When conversations about technology come up between the IT security pros working on the ground and company executives, there's often a massive disconnect – neither party knows how to fluently speak the others’ language.
The IT administrator will talk about the benefits of a particular technology – its features and requirements – but all the C-suite really wants to know is how that technology stops bad things happening and affects the management of risk that could impact the business.
This has been a problem for years. Gartner VP and Fellow Ken McGee, who interviewed thousands of C-suite executives as part of a study, concluded that IT pros and executives aren’t on the same page. He compared the disconnect to carbon dioxide, in that it's "odorless, colorless and killing [his] clients." It’s a problem that many organizations don’t know exists. What's really striking about this disconnect is that now, the stakes for collaboration between both parties have actually never been higher, yet we still can’t see the problem.
It’s been pointed out that as soon as Target CEO Gregg Steinhafel resigned following the company’s historic data breach, the relationship between all CEOs and IT, particularly CIOs, forever changed. It showed that CEOs and CIOs are now duly responsible for devising an IT strategy, and both will endure backlash if something goes wrong.
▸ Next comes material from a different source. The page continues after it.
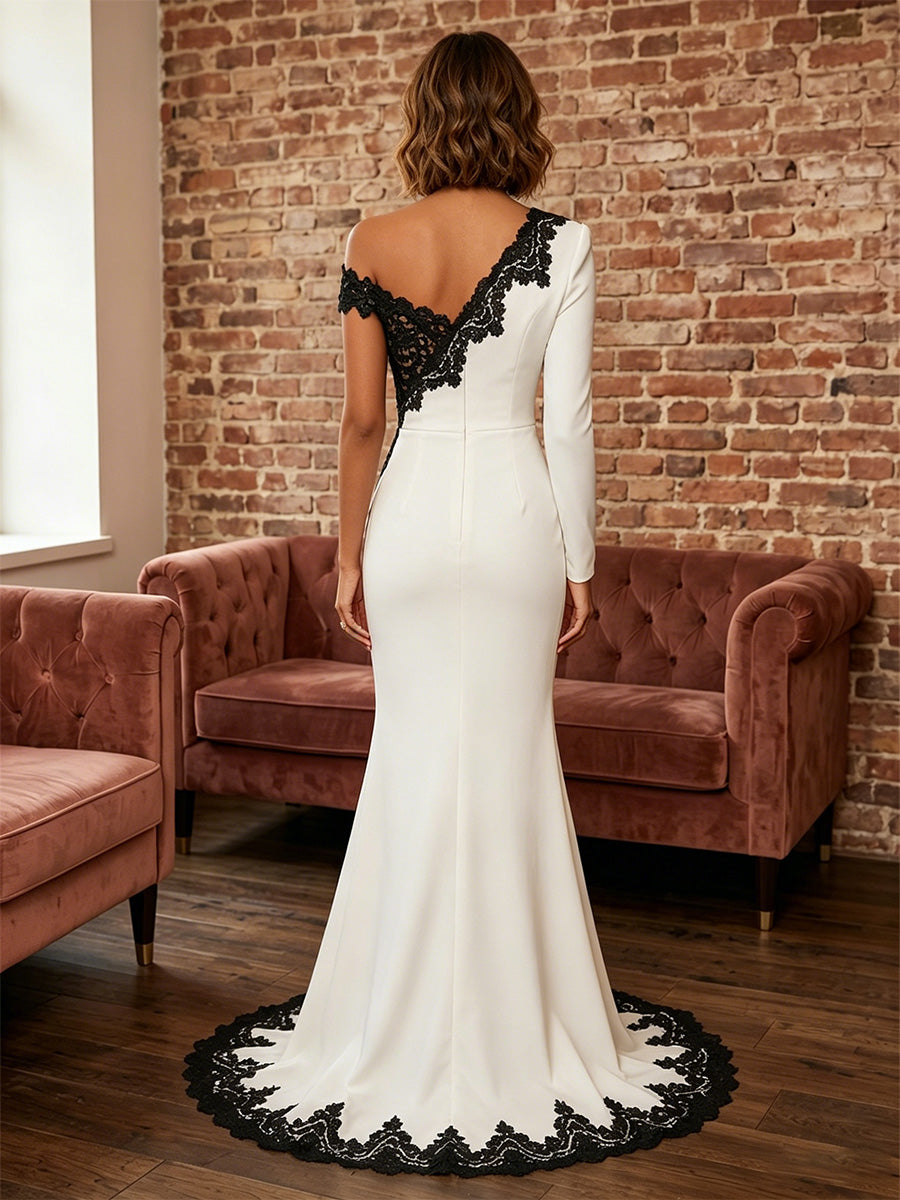 Trumpet/Mermaid Asymmetrical Neck Formal Dresses with Split Side Stretch Satin Lace Long Sleeves Evening Dresses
As one executive recruiter told the Wall Street Journal, "Boards expect that CEOs will no longer keep CIOs at arm’s length and say ‘I’ve got somebody who does that'."
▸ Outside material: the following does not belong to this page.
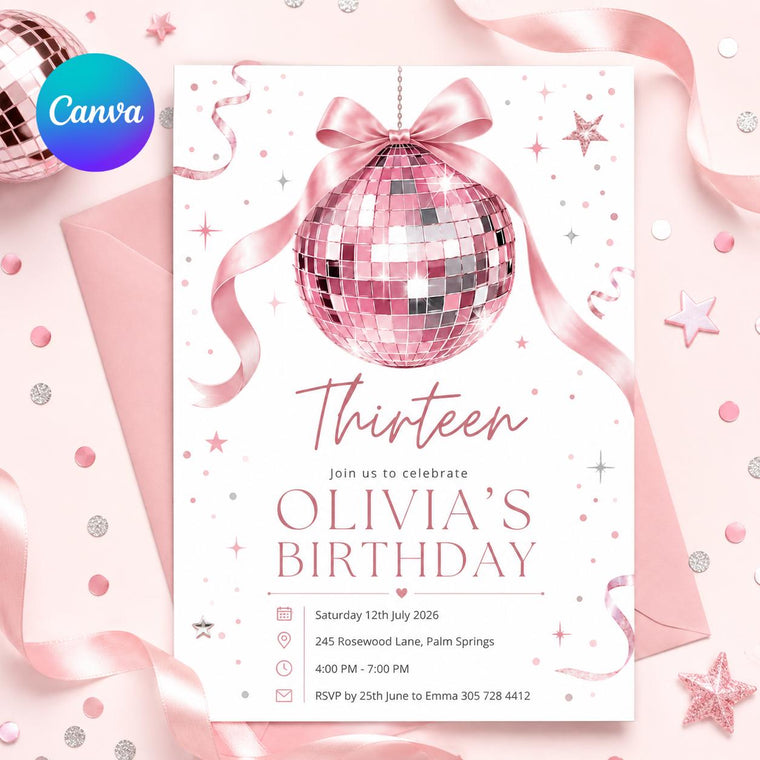 Pink Coquette Disco 13th Birthday Invitation for Girls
With that in mind, here is some advice to help IT pros on the ground and the C-suite start to speak the same language, specifically as it relates to email security:
To the IT Team: Avoid 'Bottom-Up' Warnings
Gartner's Chief of Research, Risk and Security Paul Proctor says that many IT security pros get into trouble when they're so focused on the granular elements of security – what upgrades may need to be made, what security failures they need to avoid – that they fail to see the big picture and the actual impact on the business as a whole.
As Proctor describes it, this "bottom-up" form of communication might start with a security officer telling a CEO something like, "If we don't patch vulnerabilities, then that's going to be bad for business." From the CEO’s perspective, what this statement doesn't do is frame the importance of patching within the larger context of the business. It fails to connect that best practice and its actual impact on the bottom line.
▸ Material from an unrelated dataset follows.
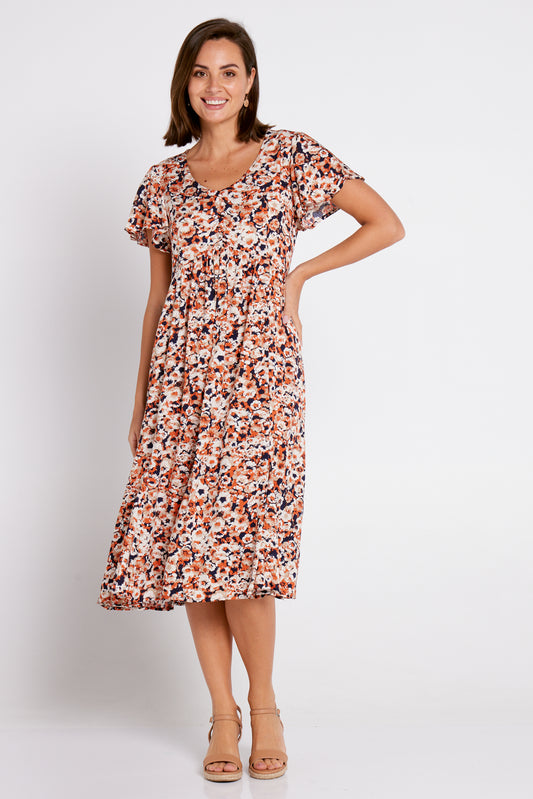 Brighton Dress - Ochre Floral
When it comes to email security specifically, perhaps instead of just urging a CEO to adopt Targeted Threat Protection and multi-layered malware protection, an IT security pro may want to explain that 91 percent of all hacks begin with email-based phishing, and then mention specific consequences of a breach – the costs associated with detection and clean-up, further breach mitigation, notification of customers and clients, reimbursements for damages, and the long-term reputation damage.
That’s the type of big-picture language that will be better understood by the CEO and C-suite.
To the CEO and Board Members: Look Beyond IT and Build a Culture of Security
Whenever there's a security failure, it's natural for the CEO to assign blame to the IT team, the staff members closest to the breach. The problem is that successful attacks can originate from plenty of other sources outside of the IT department.
It's up to senior management to ensure that security becomes entrenched in the culture of the company and isn’t solely the responsibility of IT. The IT team may operate the email security tools, but the burden of prevention ought to be shared by all.
Cyber-criminals are more sophisticated than ever – they look for, and are often able to exploit, any weakness. If IT and the executive aren’t speaking a common language, it makes cyber-criminals’ efforts to detect vulnerabilities that much easier. By presenting a united front, businesses are better able to keep the organization safe.